At 18, Ana began her work to demand human rights. She struggled to document the identities of displaced people rebuilding their lives. She worked with organizations to identify victims. She collected testimonies from survivors of massacres.
At 23, Ana, along with other community members, founded Muixil, a grassroots organization of Indigenous Mayan women working together to promote the health, well-being and rights of their families and communities.
Today, the vibrant colors of traditional weaving dance before her eyes when she gathers the wares produced by the women’s weaving cooperative in her home of El Quiche. Chickens cackle and cluck in the yards of Indigenous women in the community, many of them widows and single mothers. With help from Muixil, these projects help women build independence and economic self-sufficiency. They sell their weavings at market, and chickens produce eggs to sell and for their families to eat. Many mothers use the money they raise to send their children to school.

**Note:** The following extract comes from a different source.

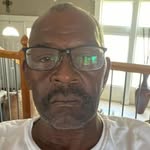 Eddie Flakes - @eddie.flakes.7 - Instagram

Ana herself is a mother of three small children. She knows how important it is to be able to provide for her children, put food on the table and send them to school—a right Ana had to fight hard for.
MADRE and Muixil also work together to help Indigenous women participate in political processes.
Recently, Ana testified before the United Nations Human Rights Committee, as they reviewed Guatemala’s human rights record. She described flagrant violations inflicted on Indigenous Peoples and women. She lent an impassioned voice to the findings of the “Report on Violations of Women’s Human Rights in Guatemala” submitted to the Committee by MADRE, Muixil and other human rights groups.
“MADRE has given us strong support. You gave us the first funds for the weaving cooperative and made this trip to New York possible. We are very thankful,” she told the MADRE staff after her testimony at the UN.